GitHub issues relevant to this are normally classified under the “records” tag. Here are a few places where such a discussion has happened before:
- #2825
- The future of the records mode
- #2298, which proposes to investigate the Dremel encoding: “a novel columnar storage format for nested data, with algorithms for dissecting nested records into columns and reassembling them”
What is the records mode
OpenRefine projects are tables, or grids: they have a certain number of rows and columns, and a cell for each row/column combination.
This tabular representation works well in many cases. For instance, when working on a list of people: each person has a single date of birth, a single place of birth, a single height, so you can have each of those attributes in their own column, and have one row per person.

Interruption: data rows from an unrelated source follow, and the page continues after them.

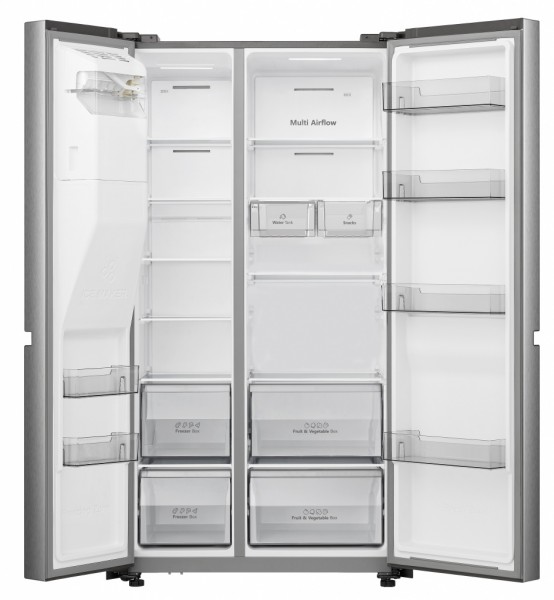 Frigorífico Sbs Hisense RS818N4TIE1 179x91cm E Dispensador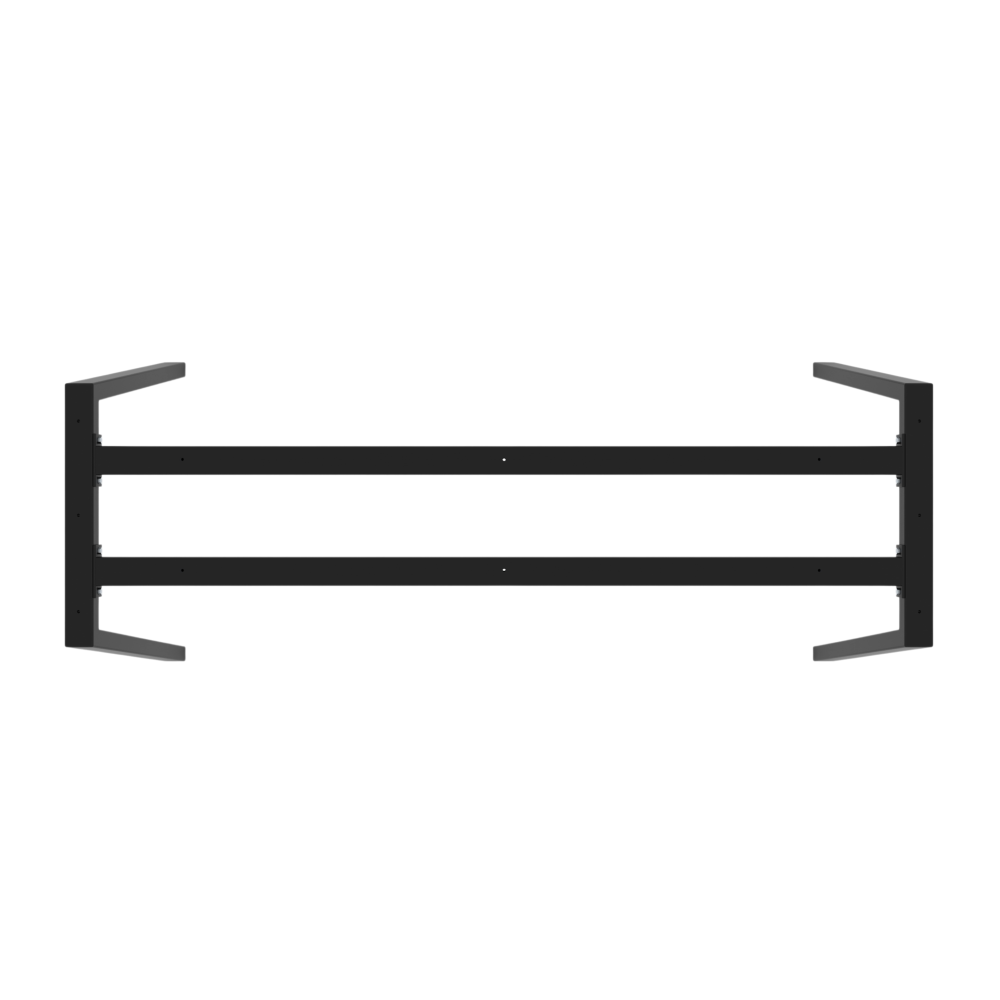 Black Metal table legs industrial style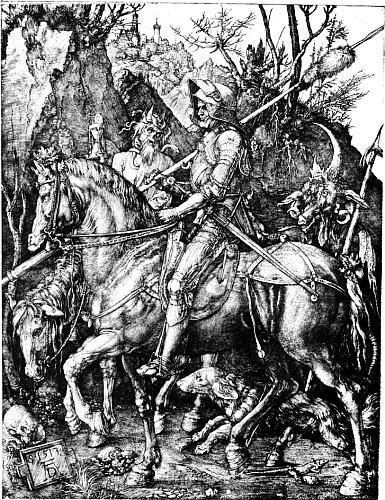 Knight, Death and the Devil Knight Death and the Devilquot by Albrecht Durer Engraving 16th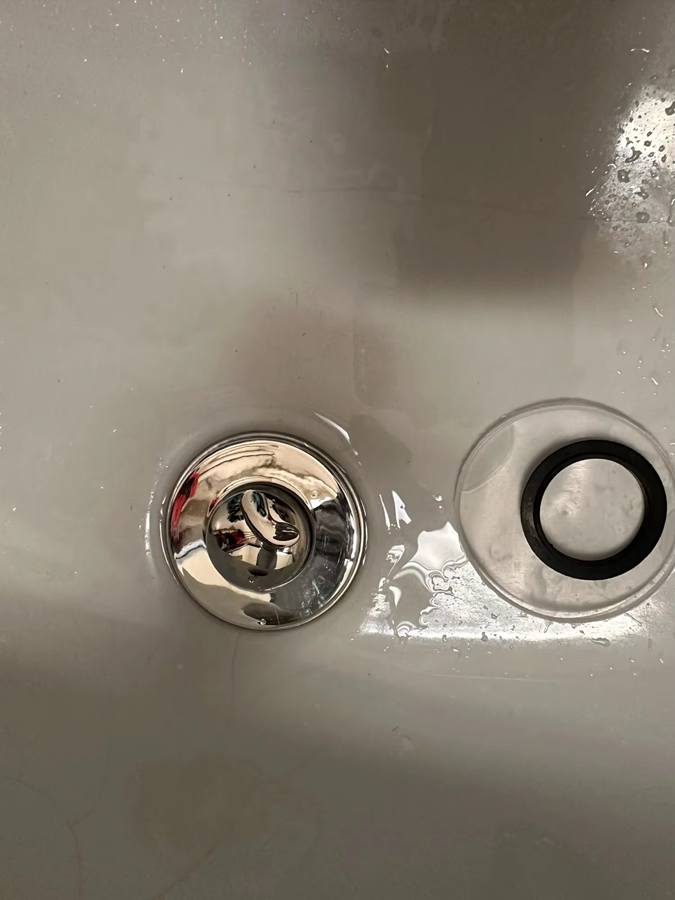 Bathroom sink stopper photo review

However, we often need to represent attributes which are not single-valued. For instance, a given person can have multiple hobbies or multiple email addresses. So it gets less convenient to represent them in a table.
OpenRefine’s records mode provides a workaround for such cases. The idea is to add additional lines such that each value can be stored in its own cell:
Person | Date of birth | Email address | Hobbies |
---|---|---|---|
Amanda | 1978-07-03 | amanda@brown.com | birdwatching |
amanda1787@hootmail.com | photography | ||
running | |||
Peter | 1986-11-23 | peter.super@gimail.com | singing |
peter@southwest.us | |||
peter8976@hautmail.com |
In this example, rows one to three form a record, and rows four to six another one. The separation between records depends on the first column: every row with a non-blank value in the first column defines a new record.

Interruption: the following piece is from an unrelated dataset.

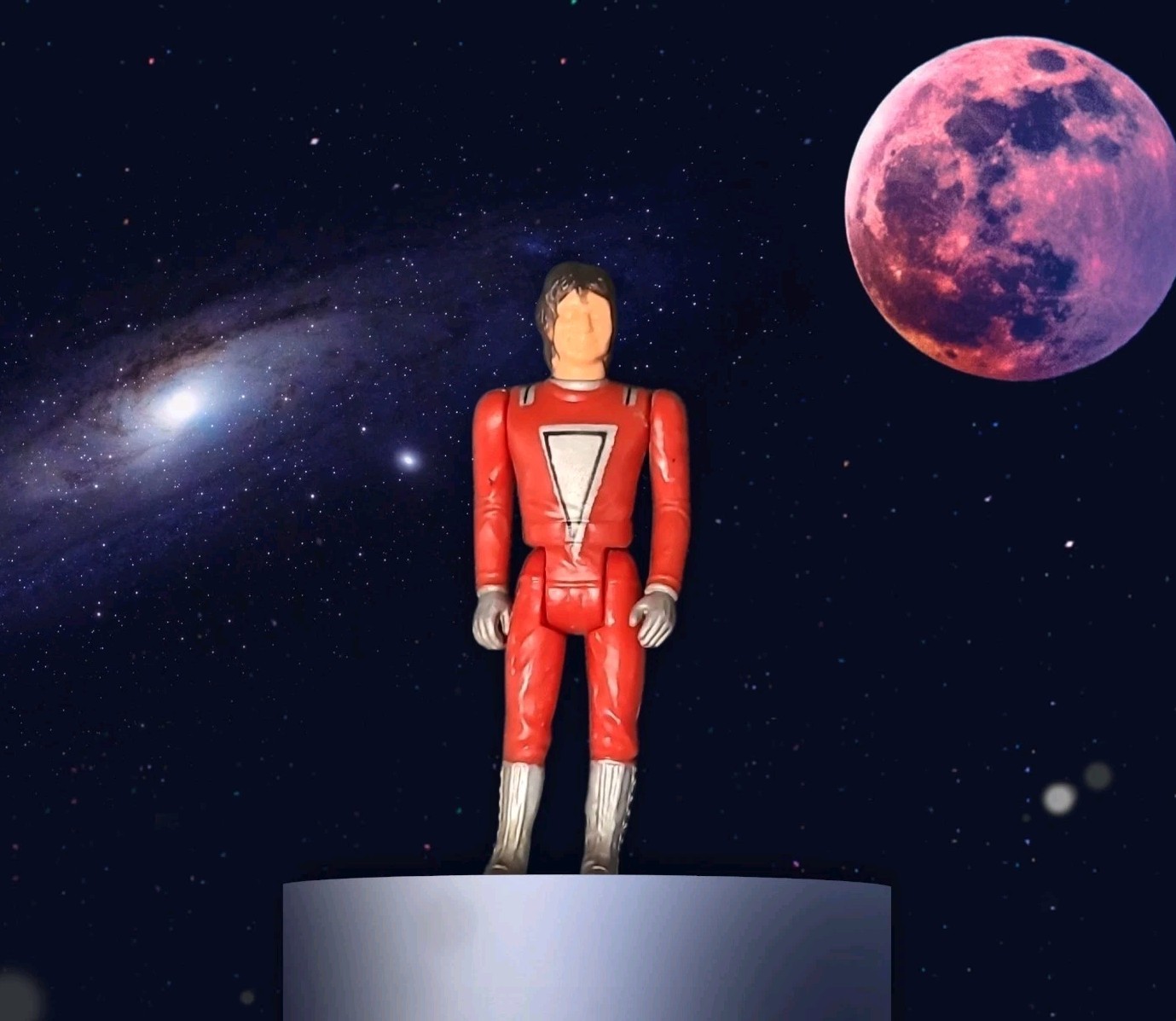 Vintage 1979 Mork and Mindy Robin Williams Mork from Ork 3.75&Prime; Action Figure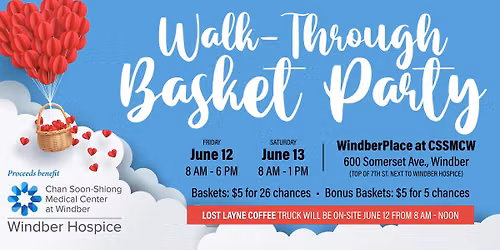Windber Hospice Walk-Through Basket Party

OpenRefine’s UI offers a switch between the rows and records mode. In rows mode, the records structure is ignored: all rows are treated independently of each other. In records mode however, most operations are applied for each record, making it for instance possible to manipulate all hobbies of a given person within the same GREL expression.

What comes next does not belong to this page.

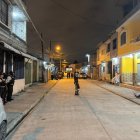 Al sitio llegaron agentes, para investigar lo ocurrido.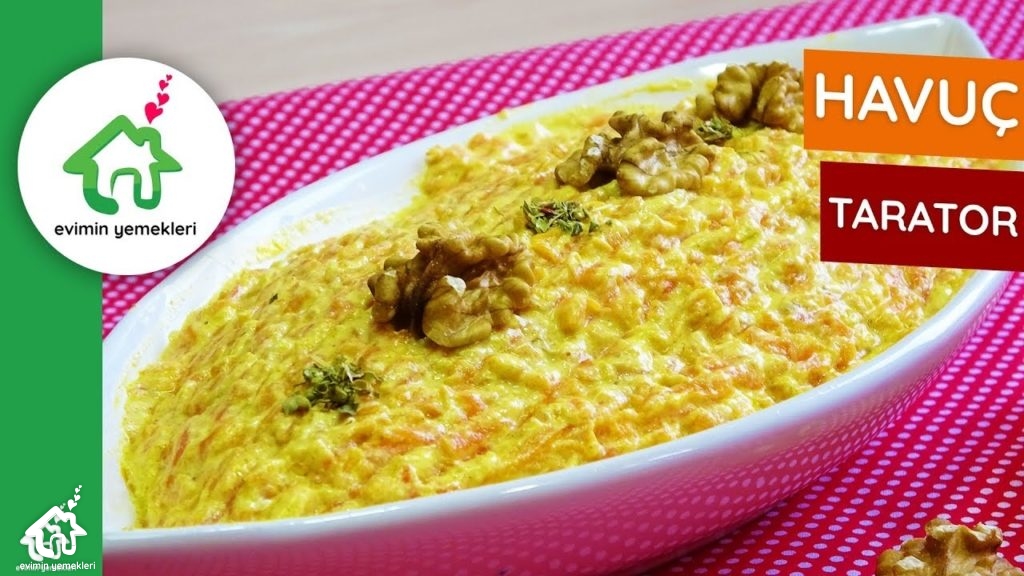 Yoğurtlu Havuç Salatası Tarifi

What are the problems with the records mode
Lack of support for hierarchical data of depth greater than one
Often, it is not enough to be able to have multi-valued attributes for the entities you are representing: those multiple values might have a structure of their own as well.
For example (following the user manual), your key column may be a film or television show, with multiple cast members identified by name, associated to that work. You may have one or more roles listed for each person. The roles are linked to the actors, which are linked to the title.
You can represent this in the spirit of the records mode, as follows:
Work | Actor | Role |
---|---|---|
The Wizard of Oz | Judy Garland | Dorothy Gale |
Ray Bolger | “Hunk” | |
The Scarecrow | ||
Jack Haley | “Hickory” | |
The Tin Man | ||
Bert Lahr | “Zeke” | |
The Cowardly Lion | ||
Frank Morgan | Professor Marvel | |
The Gatekeeper | ||
The Carriage Driver | ||
The Guard | ||
The Wizard of Oz | ||
Margaret Hamilton | Miss Almira Gulch | |
The Wicked Witch of the West |
The problem with this representation is that OpenRefine is not able to detect that each role is associated to a particular actor, and not to the containing work itself. The column groups feature was intended to add some column metadata that makes it possible to represent such a fact, but this feature has never been implemented fully and is not usable as such.
The JSON and XML importers use the structure above to coerce their hierarchical data formats into an OpenRefine table.
However, even with column groups, this conversion is lossy, meaning that we cannot export back the data into the original JSON or XML document (#1897).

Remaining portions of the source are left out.